03
de abril de 2014 | N° 17752
L. F.
VERISSIMO
Frente a frente
Eu
sou um oficial do Exército brasileiro. Estou numa sala de interrogatório,
cumprindo minha função, a de obter informações do inimigo. Por qualquer meio. Fui
designado para fazer isso pelos meus superiores e sou um bom soldado. O inimigo
a minha frente é um ser indefinido. Humano não é. É um subversivo, um
desalmado, uma coisa abjeta. Ele e os outros animais como ele querem que o
Brasil também seja uma coisa abjeta.
Se
ele não estivesse aqui, estaria na rua, matando e conspirando, construindo a
coisa abjeta. Mas está aqui. Frente a frente comigo. Tem a informação que eu
quero e não tem como fugir de mim. Minha função é arrancar a informação dele
por qualquer meio, para que o Brasil se livre deles. Para que a coisa abjeta não
se crie.
Ele é
um ser sub-humano, mas um ser sub-humano falante. E vai falar. Por qualquer
meio, vai me dizer o que eu quero saber. Tenho toda a autoridade de que preciso
para estar aqui, frente a frente com ele. Sou autorizado por cima, pelos meus
comandantes até o mais graduado, por baixo pelo meu próprio asco, e pela História.
Posso fazer o que quiser com o animal. É isto, enquanto salvo a pátria também
estou exercendo a minha liberdade ao extremo. Não há limite para o que estou
autorizado a fazer para arrancar dele a informação de que preciso, de que o
Brasil precisa para que eles não vençam. Posso até matá-lo, está previsto.
Por
descuido ou por intenção, não importa. Depois, é só cuidar para que ele nunca
seja identificado, quebrando sua arcada dentária e cortando seus dedos.
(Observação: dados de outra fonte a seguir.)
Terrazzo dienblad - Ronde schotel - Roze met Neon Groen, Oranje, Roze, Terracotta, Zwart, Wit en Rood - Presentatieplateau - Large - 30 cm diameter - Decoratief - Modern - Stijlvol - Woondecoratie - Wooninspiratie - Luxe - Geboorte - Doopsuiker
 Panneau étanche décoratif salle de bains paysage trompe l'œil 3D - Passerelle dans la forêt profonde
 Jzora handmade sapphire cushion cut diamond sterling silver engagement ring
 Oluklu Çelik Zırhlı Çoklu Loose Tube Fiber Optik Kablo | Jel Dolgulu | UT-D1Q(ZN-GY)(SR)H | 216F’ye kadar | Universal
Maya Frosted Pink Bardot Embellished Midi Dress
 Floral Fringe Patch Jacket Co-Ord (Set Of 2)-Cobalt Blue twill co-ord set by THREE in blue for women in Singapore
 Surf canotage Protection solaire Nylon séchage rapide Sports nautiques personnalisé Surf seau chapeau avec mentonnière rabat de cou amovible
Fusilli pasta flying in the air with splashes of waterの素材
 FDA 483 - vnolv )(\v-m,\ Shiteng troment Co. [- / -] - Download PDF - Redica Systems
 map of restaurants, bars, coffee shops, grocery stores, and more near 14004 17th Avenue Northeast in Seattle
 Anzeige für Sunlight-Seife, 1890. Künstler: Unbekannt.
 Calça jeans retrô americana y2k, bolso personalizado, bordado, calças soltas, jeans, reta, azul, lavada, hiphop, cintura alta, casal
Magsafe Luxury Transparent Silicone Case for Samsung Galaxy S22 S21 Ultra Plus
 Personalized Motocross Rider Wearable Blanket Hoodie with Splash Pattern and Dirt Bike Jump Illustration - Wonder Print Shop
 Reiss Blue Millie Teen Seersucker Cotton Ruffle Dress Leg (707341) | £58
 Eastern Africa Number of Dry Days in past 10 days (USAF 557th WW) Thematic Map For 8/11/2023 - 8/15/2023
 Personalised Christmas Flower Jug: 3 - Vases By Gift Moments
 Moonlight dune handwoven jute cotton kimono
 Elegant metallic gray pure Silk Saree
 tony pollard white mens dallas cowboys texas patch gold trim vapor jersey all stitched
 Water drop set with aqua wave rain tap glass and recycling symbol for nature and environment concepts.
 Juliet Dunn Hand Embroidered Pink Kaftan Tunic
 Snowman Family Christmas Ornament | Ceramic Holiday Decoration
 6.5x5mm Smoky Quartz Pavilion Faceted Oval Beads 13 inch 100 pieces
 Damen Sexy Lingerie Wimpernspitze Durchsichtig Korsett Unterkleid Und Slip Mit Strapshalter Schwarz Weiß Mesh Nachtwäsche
Meu
poder sobre ele, sobre a sua vida e sua morte e a integridade final do seu cadáver,
é absoluto. Total. E ali está ele, um ser reduzido à dor e ao medo, um bicho
assustado. Talvez já tenha se borrado. Meu poder se estende até o movimento dos
seus intestinos!
Se
ele fosse um ser humano e não uma coisa abjeta, também teria uma noção filosófica
do momento que estamos vivendo, ele e eu. Este sentimento de liberdade completa
– a minha, do meu poder total sobre ele; a dele, da definição do seu destino
nas minhas mãos – seria de ambos, perante a História. Diante da posteridade.
A
posteridade... É, tem isto. Se a História não nos der razão, a posteridade vai
nos pedir explicações. Vai querer que eu tenha remorso. Vai insistir que eu
tenha remorso. Vai até me perdoar se eu tiver remorso. Mas se eu sou um sádico
que deve explicações, se o que me move não é o horror à coisa abjeta que ameaça
a pátria, então toda a cadeia de comando que começa lá em cima e termina no pau
de arara é sádica e deve explicações. E deles não se ouve um pio de remorso. Eu?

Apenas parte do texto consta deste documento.